As funny as it sounds/As funny as it looks/As funny as it isI still didn’t really go crazy with this one. I admire the hell out of it however and that’s something I rarely do with popular comedies. The tone is just right (edgy, not to soft yet not too mean) and the premise (“After Hours,” meet “Dude Where’s My Car”) is clearly on to something with audiences looking for something beat off, er, off beat. Because, really, all “The Hangover” is  is a no bull shit adult comedy, which, considering all the other shit we’ve been fed (JUDD APPATOW!!!!!!!!!!!!!!!!!!!!!!!!!!!!!!!!!), this shit smells pretty good. Director Todd Phillips says that most comedies are 40% bad behavior and 60% apologizing for bad behavior. Examples of this are from the above director Apatow, whose great-ish films (“40-Year-Old Virgin” and “Knocked Up”) are ruined by second half back peddling and of course “Wedding Crashers,” a film where the crashing stops and pussification starts about twenty minutes into the film. What allows for bad behavior here is that the characters don’t remember doing it (hence the title) in the past and don’t realize they’re doing it in the present and this ”Memento” like daze gives the film a truly unique comedic angle that other comedies just don’t have.

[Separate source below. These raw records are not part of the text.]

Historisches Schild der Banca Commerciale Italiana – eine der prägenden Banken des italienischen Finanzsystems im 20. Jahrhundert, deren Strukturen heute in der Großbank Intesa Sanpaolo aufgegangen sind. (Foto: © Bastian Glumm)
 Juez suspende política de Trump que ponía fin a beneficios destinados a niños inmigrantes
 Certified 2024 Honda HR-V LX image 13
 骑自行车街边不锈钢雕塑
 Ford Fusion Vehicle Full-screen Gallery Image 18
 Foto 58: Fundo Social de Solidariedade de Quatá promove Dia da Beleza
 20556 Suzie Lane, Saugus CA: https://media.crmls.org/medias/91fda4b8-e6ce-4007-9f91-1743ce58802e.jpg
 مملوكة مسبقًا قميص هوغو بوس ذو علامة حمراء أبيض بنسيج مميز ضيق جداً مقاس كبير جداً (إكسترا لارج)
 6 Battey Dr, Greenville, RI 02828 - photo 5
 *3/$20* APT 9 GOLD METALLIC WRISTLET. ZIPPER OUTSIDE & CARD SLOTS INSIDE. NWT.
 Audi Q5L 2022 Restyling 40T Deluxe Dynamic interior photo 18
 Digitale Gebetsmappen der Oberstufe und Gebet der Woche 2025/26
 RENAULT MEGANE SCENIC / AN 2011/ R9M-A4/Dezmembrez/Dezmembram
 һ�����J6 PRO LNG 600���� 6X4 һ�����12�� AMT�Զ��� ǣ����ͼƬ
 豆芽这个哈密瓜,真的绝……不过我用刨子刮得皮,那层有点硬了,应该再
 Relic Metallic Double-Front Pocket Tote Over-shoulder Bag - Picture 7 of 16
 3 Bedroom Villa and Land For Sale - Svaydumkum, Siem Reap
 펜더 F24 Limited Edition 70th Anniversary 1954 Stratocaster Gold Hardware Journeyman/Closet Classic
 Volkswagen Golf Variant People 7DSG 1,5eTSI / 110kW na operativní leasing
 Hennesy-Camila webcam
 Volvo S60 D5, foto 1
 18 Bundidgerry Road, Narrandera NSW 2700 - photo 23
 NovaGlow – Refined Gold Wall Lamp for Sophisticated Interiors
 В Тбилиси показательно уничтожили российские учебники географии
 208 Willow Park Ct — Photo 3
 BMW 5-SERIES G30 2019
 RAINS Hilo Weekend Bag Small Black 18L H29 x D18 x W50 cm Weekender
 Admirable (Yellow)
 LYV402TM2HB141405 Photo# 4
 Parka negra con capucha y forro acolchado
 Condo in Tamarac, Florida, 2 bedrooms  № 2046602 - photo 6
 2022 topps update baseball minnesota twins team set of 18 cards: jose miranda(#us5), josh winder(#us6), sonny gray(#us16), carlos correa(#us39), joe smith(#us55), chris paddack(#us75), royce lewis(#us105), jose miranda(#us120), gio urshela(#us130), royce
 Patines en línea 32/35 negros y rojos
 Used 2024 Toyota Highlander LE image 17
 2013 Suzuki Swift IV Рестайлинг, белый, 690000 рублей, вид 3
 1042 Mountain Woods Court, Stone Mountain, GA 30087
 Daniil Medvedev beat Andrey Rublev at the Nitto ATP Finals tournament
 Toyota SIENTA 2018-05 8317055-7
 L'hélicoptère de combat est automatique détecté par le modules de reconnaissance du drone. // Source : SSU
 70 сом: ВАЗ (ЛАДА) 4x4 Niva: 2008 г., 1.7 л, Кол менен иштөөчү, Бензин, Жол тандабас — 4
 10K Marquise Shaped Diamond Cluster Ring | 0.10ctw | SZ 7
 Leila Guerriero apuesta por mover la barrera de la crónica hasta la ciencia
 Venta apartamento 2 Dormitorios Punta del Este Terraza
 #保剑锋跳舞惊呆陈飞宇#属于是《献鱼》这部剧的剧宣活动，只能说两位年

There is no apologizing here. Babies (and babes) will get abused and racial slurs will go flying without so much as a second guess as to if it’s funny. It is! But the film is not out to shock like so many post “Pie” comedies. There is also an endless supply of strangely quoteable dialogue with random lines like “Tigers lover pepper, they hate cinnamon” and “It would be so cool if I could breast feed” spoken by man child Zach Galifianakis. So, yeah, I admire it and yet my Hangover was a mostly passive experience with a constant thought of “hum, that there’s really funny” occurring without so much as cracking a teehee. I am proud to say that I, along with a lot of moviegoers, knew this was going to be something special for months but somehow that didn’t translate into rushing out to see it. From months before to a full month after “THE EVENT” –and after everybody told me this film is exactly as good as I figured it would be– I saw it and of course felt like I had already seen it and already liked it. The effect, contrived as it seems, is that of having seen something really cool while under the influence and forgetting you saw it only to see it again and go “Oh, yeah–that.”